» Aim of the exercise: Below are the records; extract from them the line containing "Scania 2011 - Occ" to the line containing "Mercedes-Benz A-Class 2022", both lines included, exactly and with no pictures.

» Supplied entries:
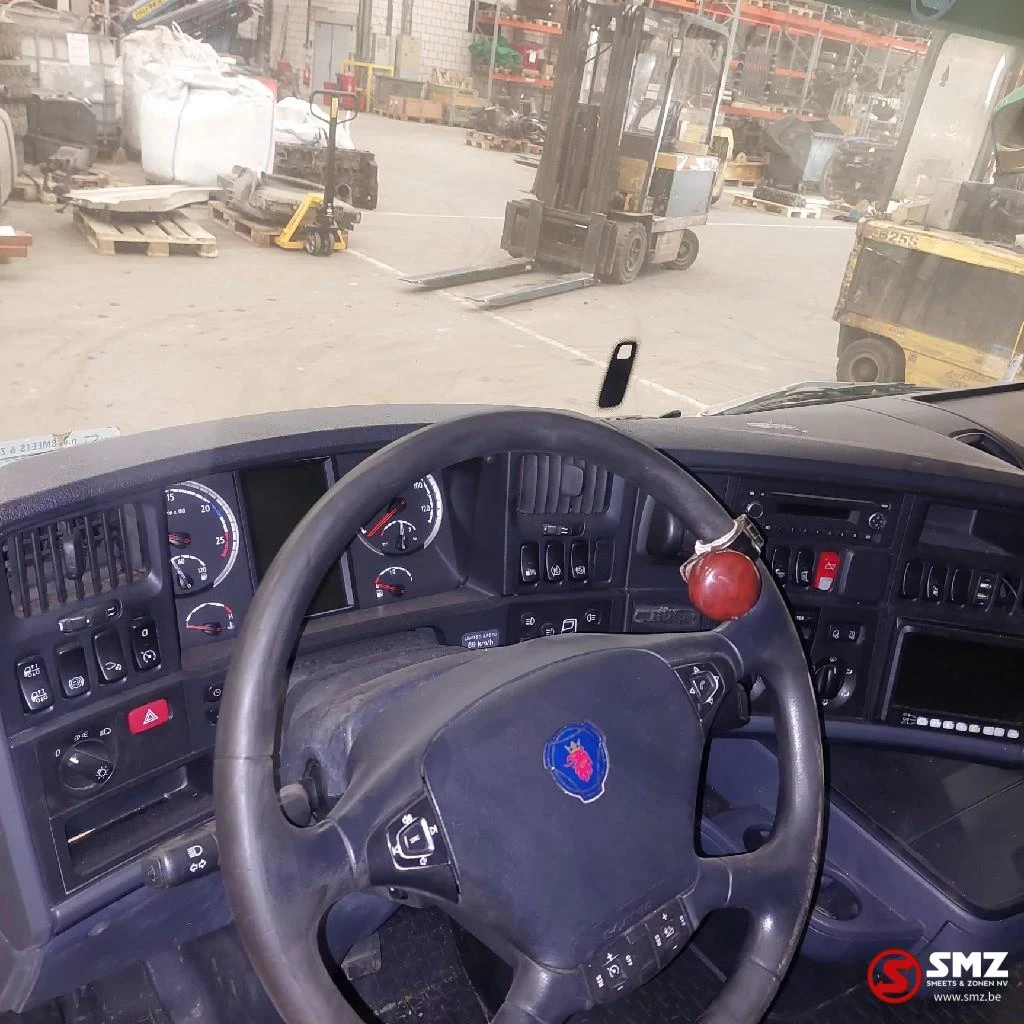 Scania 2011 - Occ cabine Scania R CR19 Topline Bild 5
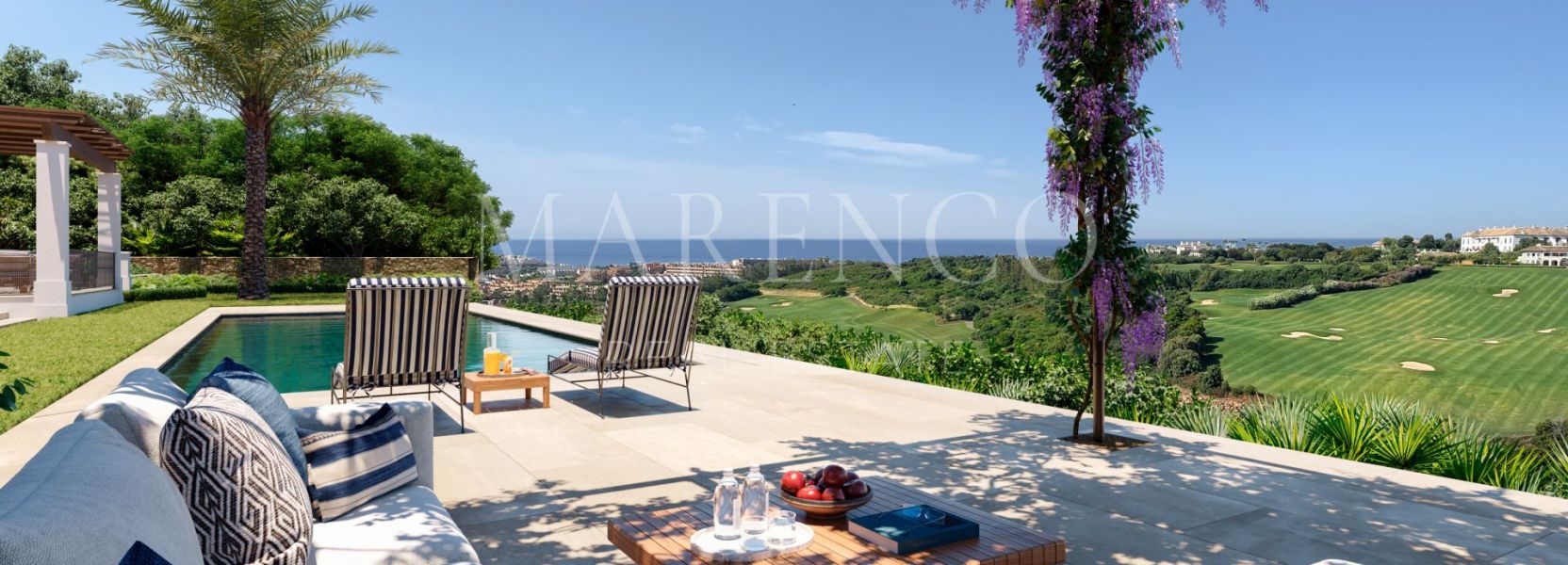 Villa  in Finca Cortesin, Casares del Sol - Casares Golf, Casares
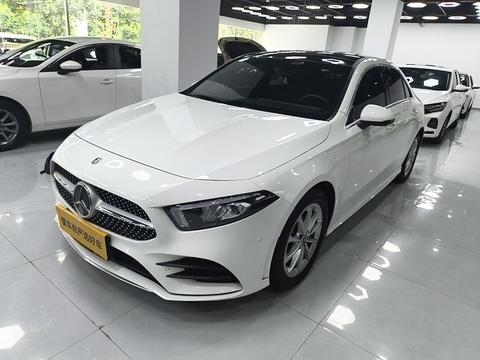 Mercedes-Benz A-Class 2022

* * *

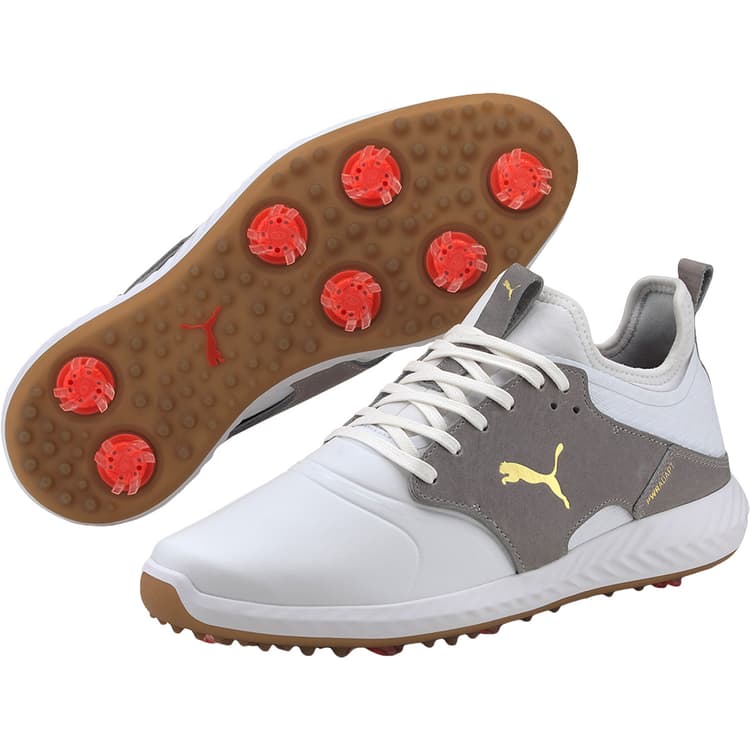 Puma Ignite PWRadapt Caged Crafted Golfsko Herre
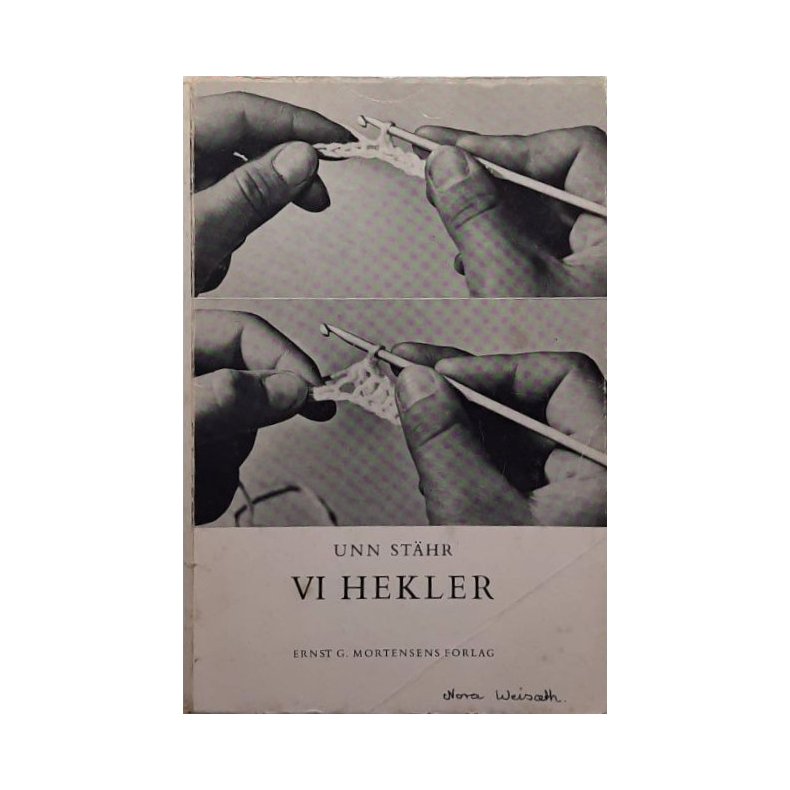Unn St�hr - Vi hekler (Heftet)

» Written answer:
 Scania 2011 - Occ cabine Scania R CR19 Topline Bild 5
 Villa  in Finca Cortesin, Casares del Sol - Casares Golf, Casares
 Mercedes-Benz A-Class 2022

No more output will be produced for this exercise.